The orchestra creates an eerie discordant drone over the mostly wordless opening section as Daniel Day-Lewis’s Daniel Plainview doggedly digs first gold then oil out of the ground, providing a sinister counterpoint to his slow accumulation of capital and power. It reminds me of the way in which Ligeti’s ‘Lux Aeterna’ is used at the beginning of 2001: A Space Odyssey, just before early man learns how to bash his enemies’ skulls in. The recurring theme of the Gorecki-esque ‘Open Spaces’ evokes a sense of uncertain hope, while the damped percussive strings of ‘Proven Lands’ act as the obsessive heartbeat of industry.
In this live setting, the music occasionally obscures the dialogue, creating a new kind of tension in the viewing experience – we start to watch the orchestra instead of the film. Throughout, Greenwood sits discreetly in the centre of the ensemble behind what looks like a child’s writing desk, but is in fact his trusty ondes Martenot.

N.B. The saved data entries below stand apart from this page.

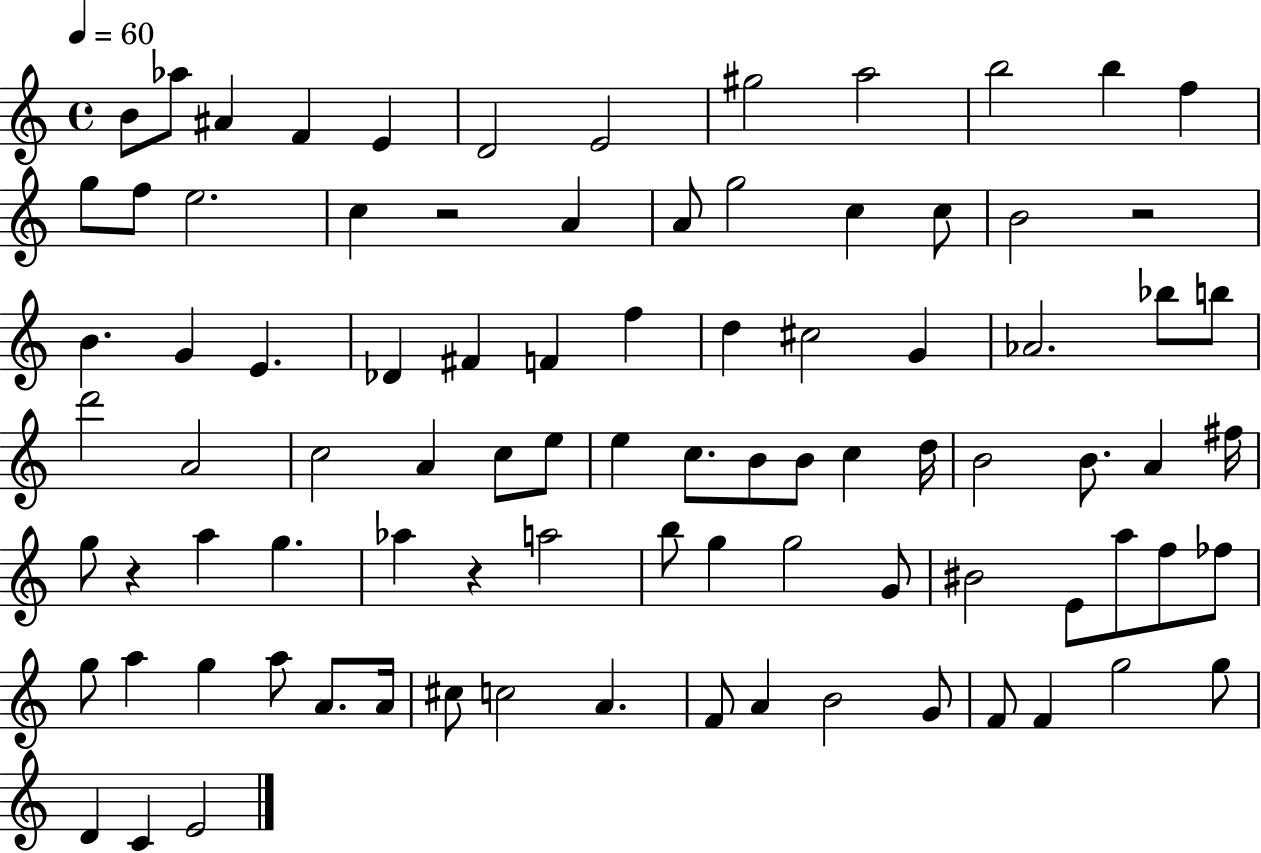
B4/e Ab5/e A#4/q F4/q E4/q D4/h E4/h G#5/h A5/h B5/h B5/q F5/q G5/e F5/e E5/h. C5/q R/h A4/q A4/e G5/h C5/q C5/e B4/h R/h B4/q. G4/q E4/q. Db4/q F#4/q F4/q F5/q D5/q C#5/h G4/q Ab4/h. Bb5/e B5/e D6/h A4/h C5/h A4/q C5/e E5/e E5/q C5/e. B4/e B4/e C5/q D5/s B4/h B4/e. A4/q F#5/s G5/e R/q A5/q G5/q. Ab5/q R/q A5/h B5/e G5/q G5/h G4/e BIS4/h E4/e A5/e F5/e FES5/e G5/e A5/q G5/q A5/e A4/e. A4/s C#5/e C5/h A4/q. F4/e A4/q B4/h G4/e F4/e F4/q G5/h G5/e D4/q C4/q E4/h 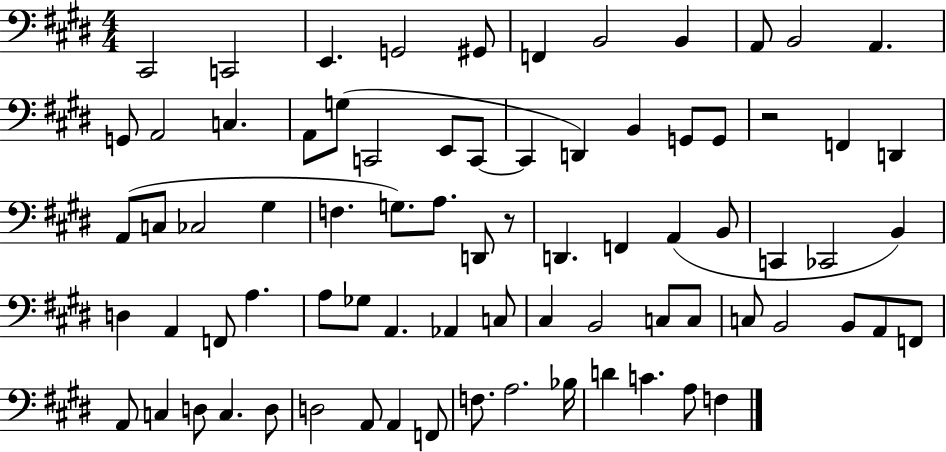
C#2/h C2/h E2/q. G2/h G#2/e F2/q B2/h B2/q A2/e B2/h A2/q. G2/e A2/h C3/q. A2/e G3/e C2/h E2/e C2/e C2/q D2/q B2/q G2/e G2/e R/h F2/q D2/q A2/e C3/e CES3/h G#3/q F3/q. G3/e. A3/e. D2/e R/e D2/q. F2/q A2/q B2/e C2/q CES2/h B2/q D3/q A2/q F2/e A3/q. A3/e Gb3/e A2/q. Ab2/q C3/e C#3/q B2/h C3/e C3/e C3/e B2/h B2/e A2/e F2/e A2/e C3/q D3/e C3/q. D3/e D3/h A2/e A2/q F2/e F3/e. A3/h. Bb3/s D4/q C4/q. A3/e F3/q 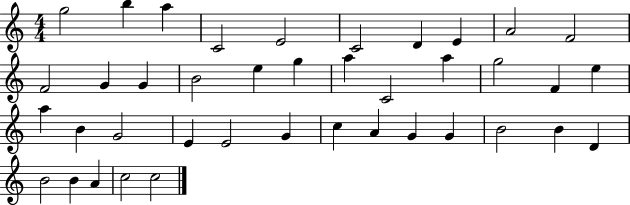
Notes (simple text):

G5/h B5/q A5/q C4/h E4/h C4/h D4/q E4/q A4/h F4/h F4/h G4/q G4/q B4/h E5/q G5/q A5/q C4/h A5/q G5/h F4/q E5/q A5/q B4/q G4/h E4/q E4/h G4/q C5/q A4/q G4/q G4/q B4/h B4/q D4/q B4/h B4/q A4/q C5/h C5/h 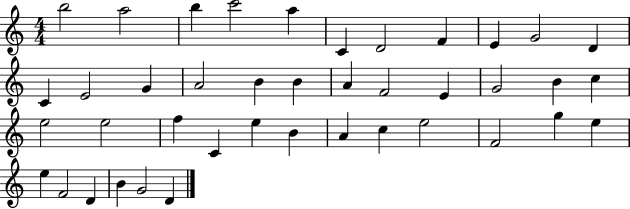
B5/h A5/h B5/q C6/h A5/q C4/q D4/h F4/q E4/q G4/h D4/q C4/q E4/h G4/q A4/h B4/q B4/q A4/q F4/h E4/q G4/h B4/q C5/q E5/h E5/h F5/q C4/q E5/q B4/q A4/q C5/q E5/h F4/h G5/q E5/q E5/q F4/h D4/q B4/q G4/h D4/q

While movie music can be intrusive or banal, the best soundtracks are those that offer an alternative or heightened perspective on what’s happening onscreen. As this performance showed, There Will Be Blood is a superlative example of how music can create a subconscious, inner life for a film. Joe Banks
Atomic Bomb! The Music Of William Onyeabor
William Onyeabor could be the greatest electronic musician you’ve never heard of. A certainty is that the Nigerian synth/funk pioneer’s output would’ve been lost without record label Luaka Bop, who formed Atomic Bomb! to celebrate his music- a band featuring Hot Chip’s Alexis Taylor (vocals) and Sarah Jones (drums), Beastie Boys’ Money Mark (keyboards) and the Sudanese multi-instrumentalist Sinkane. Joining Atomic Bomb! at Meltdown were South African mbaqanga legends the Mahotella Queens, Mali’s Amadou & Mariam and David Byrne himself, who came dancing onto the stage a few songs in wearing a skinny electric blue suit and red Stetson hat.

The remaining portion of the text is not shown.